En philosophie de l’esprit, Bouveresse est resté très critique à l’égard du « tournant cognitif » qu’a pris la philosophie contemporaine, précisément parce qu’il avait du mal à envisager, à la manière de ces courants, que la pensée soit indépendante du langage et qu’on puisse retrouver les formes d’empirisme et de naturalisme psychologiste qui avaient cours au dix-neuvième siècle, avant que l’objectivisme de Frege, Russell et de Husserl ne les mette en sourdine pour près d’un siècle.

Mais surtout, la philosophie de Bouveresse est une philosophie de la raison : de ses pouvoirs critiques et de ses limites, de ses relations avec le sentiment et l’émotion, dont il cherchait sans cesse, à l’instar de Musil, comment les combiner et les équilibrer. Là aussi il n’aimait pas plus le rationalisme triomphant que l’empirisme dogmatique, et il cherchait à en donner des versions sobres.

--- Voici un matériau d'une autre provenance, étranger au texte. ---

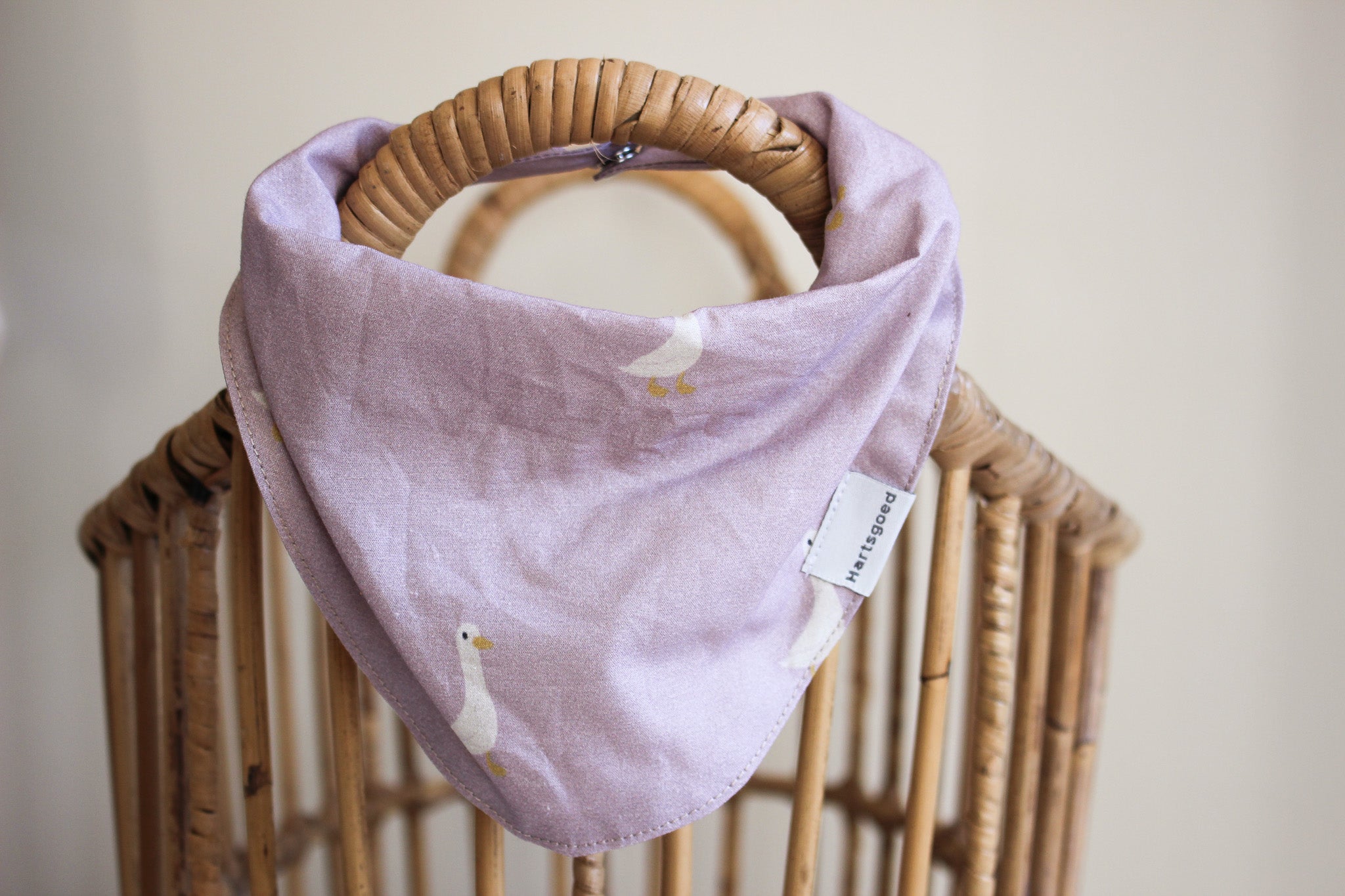Cotton Bandana Bib | Ducks | Mauve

Mais Bouveresse n’est pas seulement un philosophe du langage et de la connaissance. Il est aussi, et peut être avant tout un penseur de l’éthique. En quoi, ici encore, il demeure très proche de Wittgenstein : l’éthique ne se dit pas, elle se montre. Dès son Wittgenstein, la rime et la raison (1973), il avait très clairement indiqué son adhésion à cette mise en réserve des propositions morales en dehors du monde, et les grands systèmes de méta-éthique analytiques, des néo-utilitaristes aux néo-kantiens contemporains, n’étaient pas sa cup of tea.

Il préférait parler de l’éthique à travers la poésie et la littérature, auxquelles il a consacré de très nombreux livres et essais, ou dans ses livres récents sur la musique, et particulièrement celle de Brahms, qui était l’une de ses passions.

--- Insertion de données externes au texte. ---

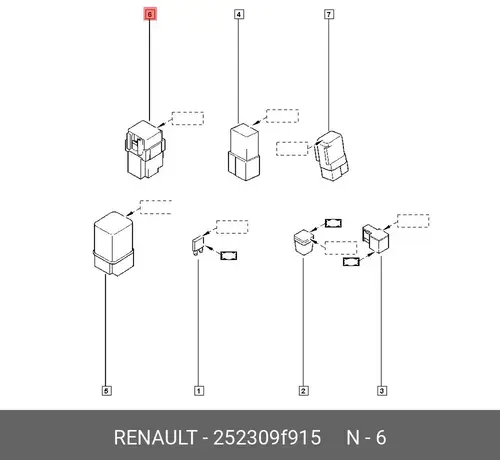 Реле 12V 252309F915 RENAULT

Mais on retrouve, dans son livre sur La connaissance de l’écrivain (2008), la même dualité que dans sa philosophie de la connaissance : d’un côté, il entend réhabiliter l’idée que la littérature est, contrairement à tout ce que la pensée littéraire française n’a cessé d’affirmer de Mallarmé à Blanchot, affaire de connaissance et de vérité, mais, de l’autre, il entend montrer que cette connaissance est fondamentalement pratique et ancrée dans les formes éthiques de la vie humaine.

Il n’était pas loin de soutenir la même chose dans le domaine de la croyance et de la religion, dont il se demande explicitement ce qu’on peut en faire (2011) : sa réponse est qu’on ne peut l’affirmer ni dans une philosophie explicite, ni dans une expérience, mais, à la manière de Gottfried Keller sur lequel il écrivit l’un de ses livres les plus personnels, Le danseur et sa corde (2014), dans la recherche d’une attitude « décente » (anständig) face à la vie. Cette même décence était celle, à la suite d’Orwell, sur laquelle il entendait fonder son éthique de la pensée.

C’est au nom de cette éthique intellectuelle qu’il combattit souvent l’intelligentsia française et ses mythologies, transposées sur des plateaux télés et maintenant dans des flux ininterrompus de tweets et de posts. Appréciait-il, malgré l’importance qu’il accordait à l’éthique, le flot de pleurnicheries victimaires et de geignardises au nom de la morale auxquelles on assiste aujourd’hui ? On peut fort en douter.

Je ne sais pas s’il a laissé, sous forme littéraire à la manière d’un Swift ou d’un Kraus, de satire versifiée du monde germanopratin, mais il ne fait pas de doute qu’il pensait à son sujet que difficile saturam non scribere, et qu’il s’y employa avec talent dans Prodiges et vertiges de l’analogie (1999), un pamphlet qu’auraient dû lui envier ses contemporains eux-mêmes pamphlétaires, s’ils n’avaient eux-mêmes été ses cibles.

La place qu’a occupée, dans la culture et dans la pensée française, un philosophe comme Jacques Bouveresse, n’a rien, contrairement à ce qu’on a dit souvent, de marginal ou d’exilé, même s’il dut souvent combattre seul. Elle est au contraire centrale, par l’ampleur et la profondeur de ses contributions, qui ne cesseront de prendre tout leur sens, quand on aura pris leur pleine mesure et que la lumière tombera graduellement sur l’ensemble. Il incarnait ce que la philosophie peut avoir de meilleur.